§ Data below:
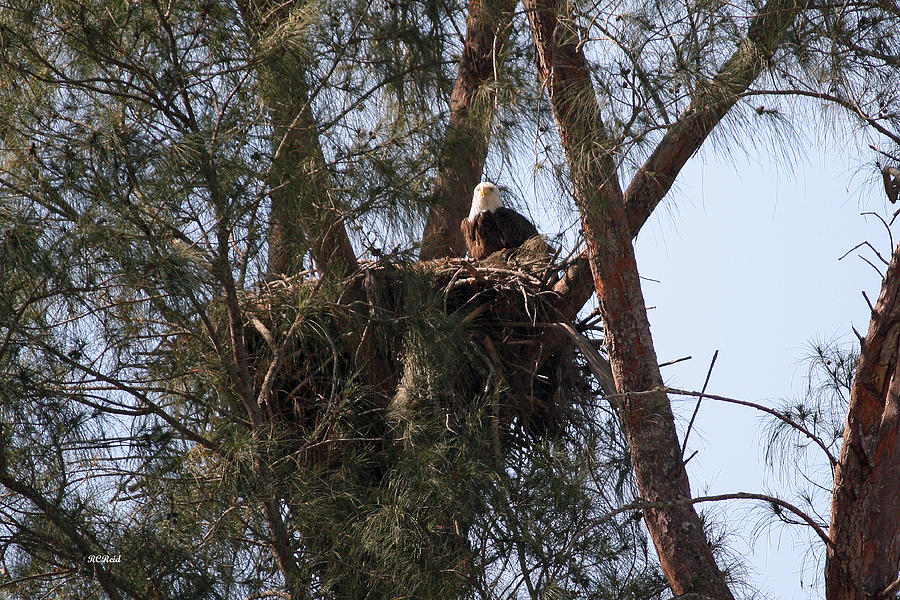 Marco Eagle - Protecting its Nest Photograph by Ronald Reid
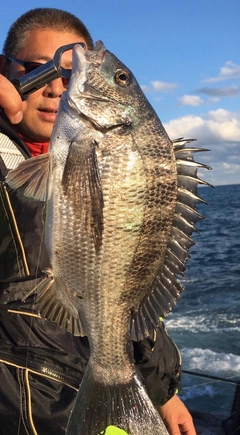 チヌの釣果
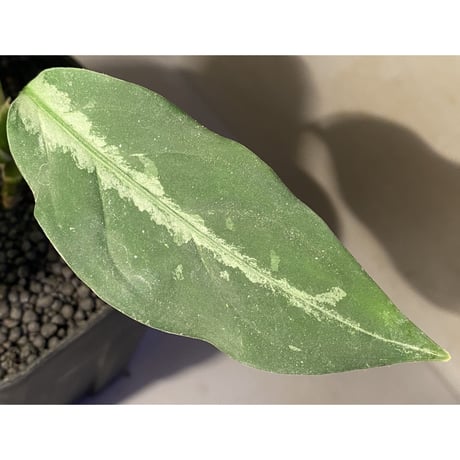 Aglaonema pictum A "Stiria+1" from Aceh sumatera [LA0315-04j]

§ Required work:
Take the listing above and restate it word for word, without its pictures.

§ Exercise result:
 Marco Eagle - Protecting its Nest Photograph by Ronald Reid
 チヌの釣果
 Aglaonema pictum A "Stiria+1" from Aceh sumatera [LA0315-04j]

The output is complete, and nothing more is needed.